▶ [WHAT THE TASK ASKS] Taking only the lines of the data below from the line with "My Daughter is" to the line with "how to rent a 15000 gallon tank", ends included, write them out exactly and without pictures.

▶ [GIVEN RECORDS]
########################################
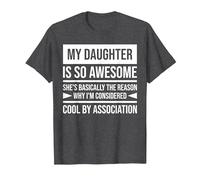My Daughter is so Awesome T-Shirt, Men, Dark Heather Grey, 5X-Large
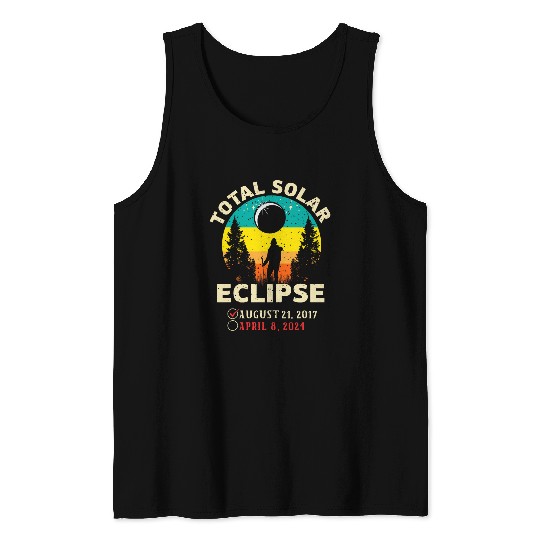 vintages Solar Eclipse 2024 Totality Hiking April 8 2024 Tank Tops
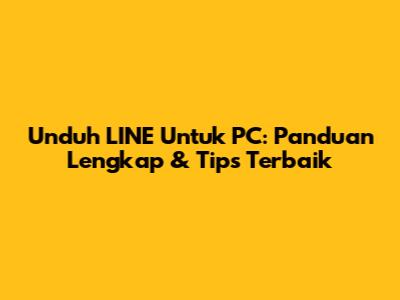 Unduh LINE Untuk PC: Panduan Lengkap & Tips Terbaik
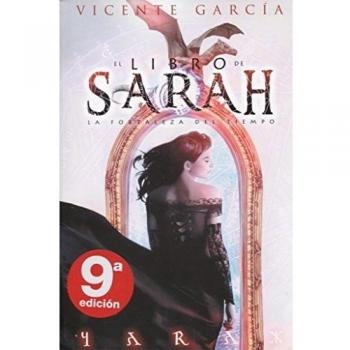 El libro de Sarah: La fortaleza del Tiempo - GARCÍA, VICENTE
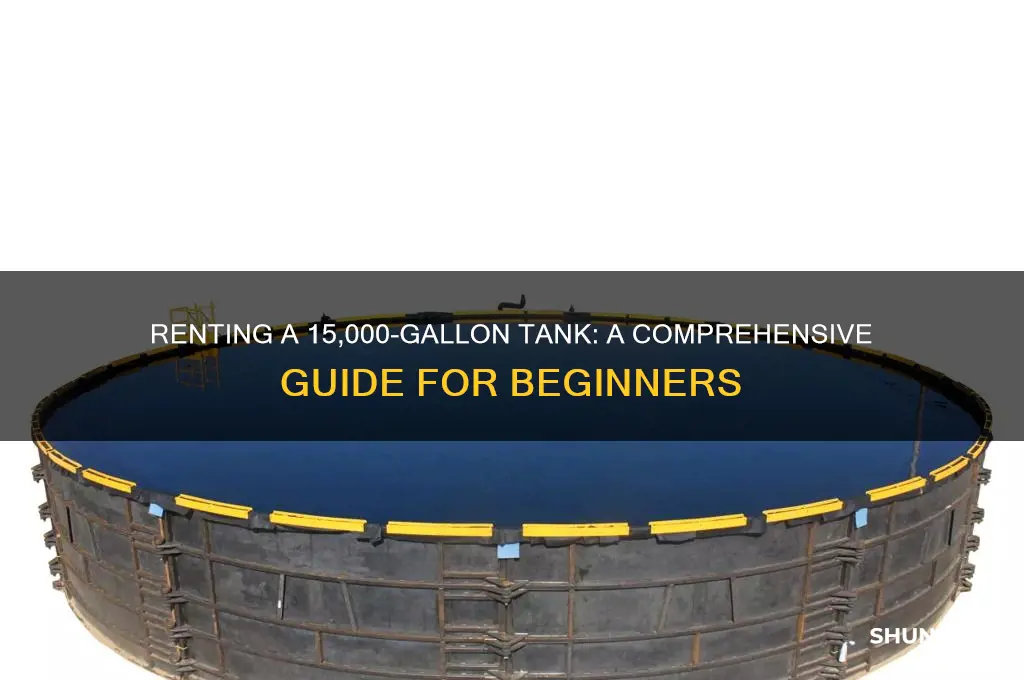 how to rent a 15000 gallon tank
########################################
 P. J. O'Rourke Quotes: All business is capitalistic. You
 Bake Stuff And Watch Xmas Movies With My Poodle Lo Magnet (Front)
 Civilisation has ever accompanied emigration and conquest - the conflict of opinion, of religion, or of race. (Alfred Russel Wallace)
########################################
▶ [WORKED SOLUTION]
My Daughter is so Awesome T-Shirt, Men, Dark Heather Grey, 5X-Large
 vintages Solar Eclipse 2024 Totality Hiking April 8 2024 Tank Tops
 Unduh LINE Untuk PC: Panduan Lengkap & Tips Terbaik
 El libro de Sarah: La fortaleza del Tiempo - GARCÍA, VICENTE
 how to rent a 15000 gallon tank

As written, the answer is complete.